Stored entries.

┌──

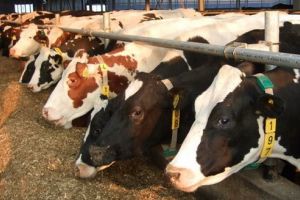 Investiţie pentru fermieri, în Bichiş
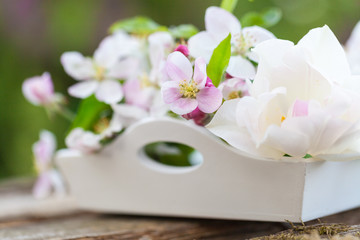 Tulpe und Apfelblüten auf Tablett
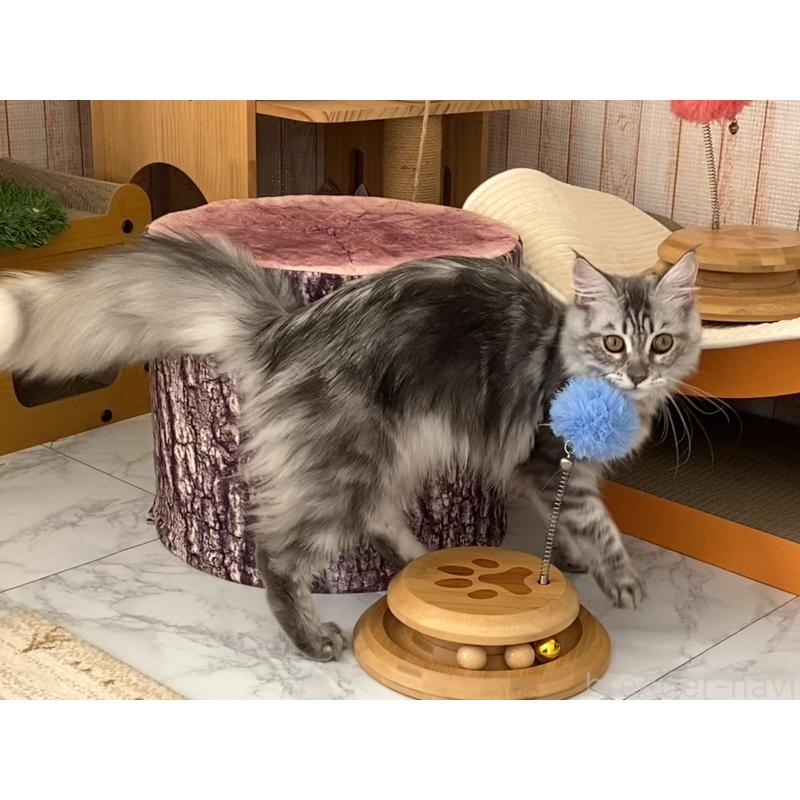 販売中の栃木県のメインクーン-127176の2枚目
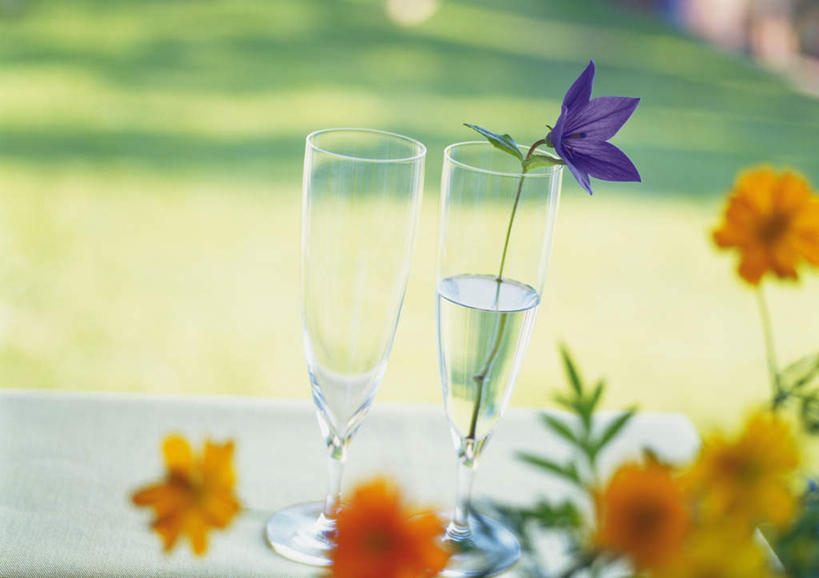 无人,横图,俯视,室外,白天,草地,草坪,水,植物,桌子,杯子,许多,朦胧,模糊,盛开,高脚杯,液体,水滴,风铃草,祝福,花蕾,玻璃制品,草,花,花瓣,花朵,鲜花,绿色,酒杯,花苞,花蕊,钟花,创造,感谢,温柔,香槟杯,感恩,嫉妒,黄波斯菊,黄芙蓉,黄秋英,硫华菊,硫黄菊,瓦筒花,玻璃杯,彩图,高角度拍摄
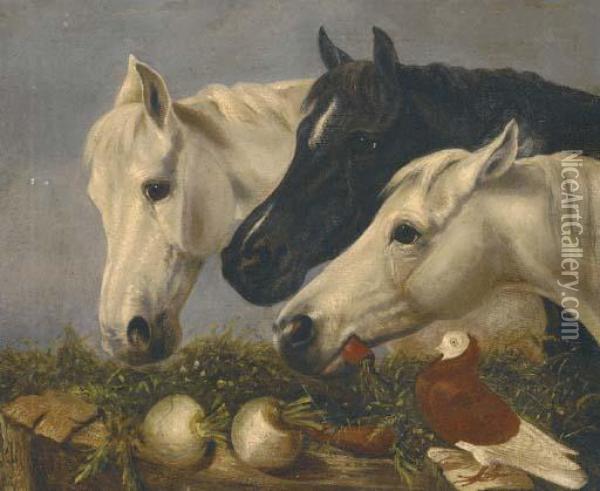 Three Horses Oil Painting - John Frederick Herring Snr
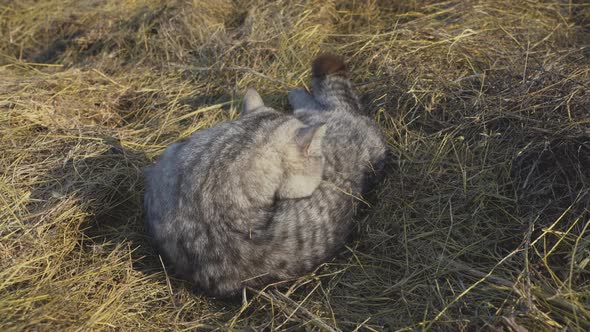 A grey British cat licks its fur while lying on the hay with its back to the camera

└──

What you need to do.
Without including any pictures, please restate all the records exactly.

Written response.
 Investiţie pentru fermieri, în Bichiş
 Tulpe und Apfelblüten auf Tablett
 販売中の栃木県のメインクーン-127176の2枚目
 无人,横图,俯视,室外,白天,草地,草坪,水,植物,桌子,杯子,许多,朦胧,模糊,盛开,高脚杯,液体,水滴,风铃草,祝福,花蕾,玻璃制品,草,花,花瓣,花朵,鲜花,绿色,酒杯,花苞,花蕊,钟花,创造,感谢,温柔,香槟杯,感恩,嫉妒,黄波斯菊,黄芙蓉,黄秋英,硫华菊,硫黄菊,瓦筒花,玻璃杯,彩图,高角度拍摄
 Three Horses Oil Painting - John Frederick Herring Snr
 A grey British cat licks its fur while lying on the hay with its back to the camera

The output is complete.